There’s something startling about a 337-pound man doing the splits. It bends logic, begs for explanation. Forty minutes into his vinyasa yoga session, B.J. Raji tries the unthinkable. His right leg slides back. His left shifts forward.
Gravity does the rest.
It takes a few repetitions, but Raji’s splits stretch deeper and deeper. Down to the floor. On a black yoga mat, his white socks mark two ends of a straight line. Raji uses yoga blocks at first, then discards them. He slaps both palms on the floor, leans his barrel chest forward against his thigh and pushes his head down until his nose snuggles against his knee.
“Textbook,” instructor Ryanne Cunningham exclaims. “That is textbook.”
On a yoga mat inside Flow Yoga Studio in downtown De Pere, the Green Bay Packers defensive tackle looks like he’s leaping over skyscrapers with a single bound. A high hurdler. Cunningham’s joy is unbridled.
This, she says, is a big moment. Raji isn’t naturally blessed with freakish flexibility. One reason he missed the entire 2014 season with a torn biceps, he believes, is rigidity in his shoulders. When his right arm got caught in the mass of blockers and ball carrier during a preseason game against the Oakland Raiders, his muscles didn’t have enough elasticity. So they snapped.

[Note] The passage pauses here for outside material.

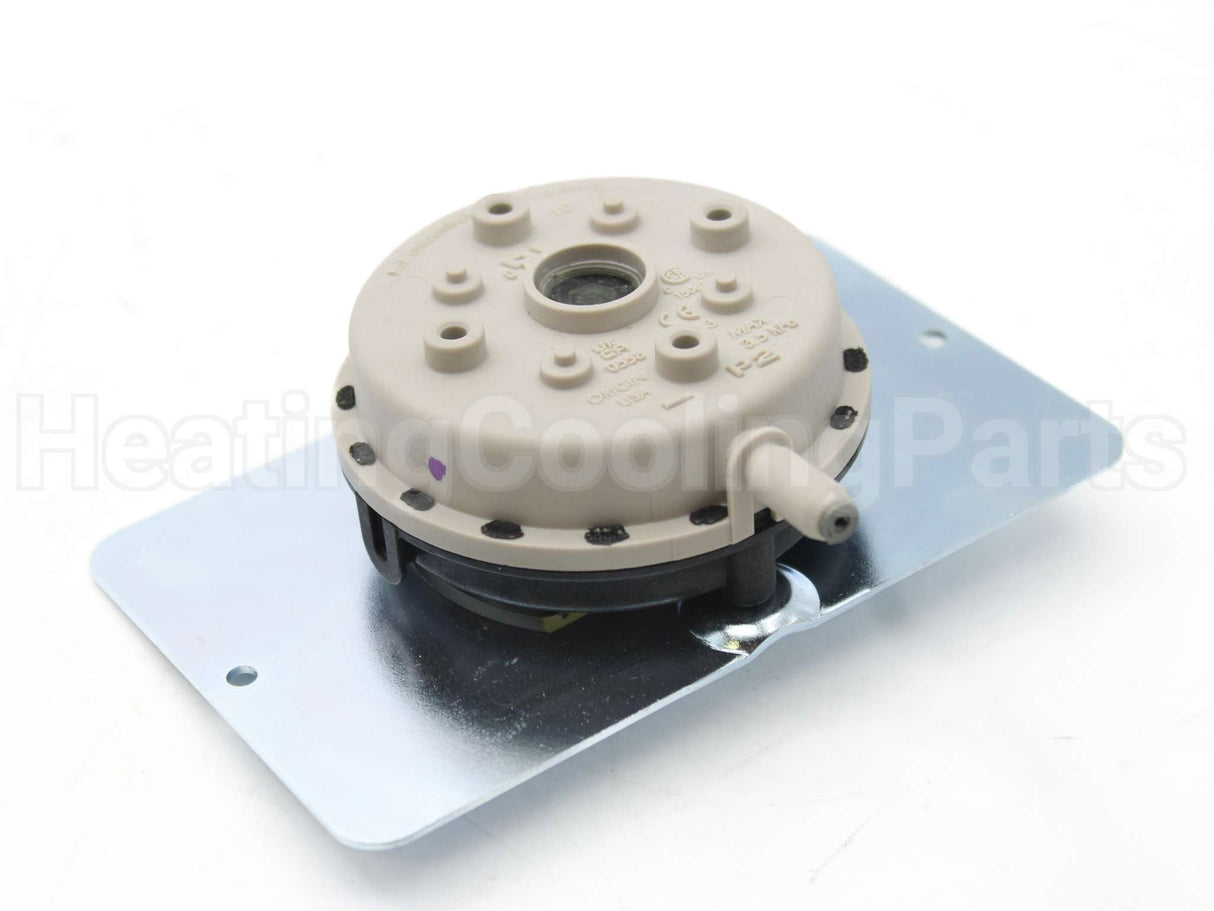 NS2-0306-00 Cleveland Controls Air Pressure Switch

Sixteen months later, Raji likely will make his 13th start of the season when the Packers travel cross country for Sunday’s game in Oakland. The 29-year-old veteran is playing his best football in years, clogging the middle for the NFL’s sixth-ranked scoring defense. His body feels fresher with age, no longer breaking down. It isn’t by accident.
Inside this long, rectangular room with a hardwood floor, where “Namaste” hangs on the wall in single, block letters, Raji has transformed his body. Several Packers players do yoga in this room, but none are more loyal than Raji. He goes to work here three times a week, usually Monday, Tuesday and Friday. His yoga sessions coincide with the team’s days away from the practice field.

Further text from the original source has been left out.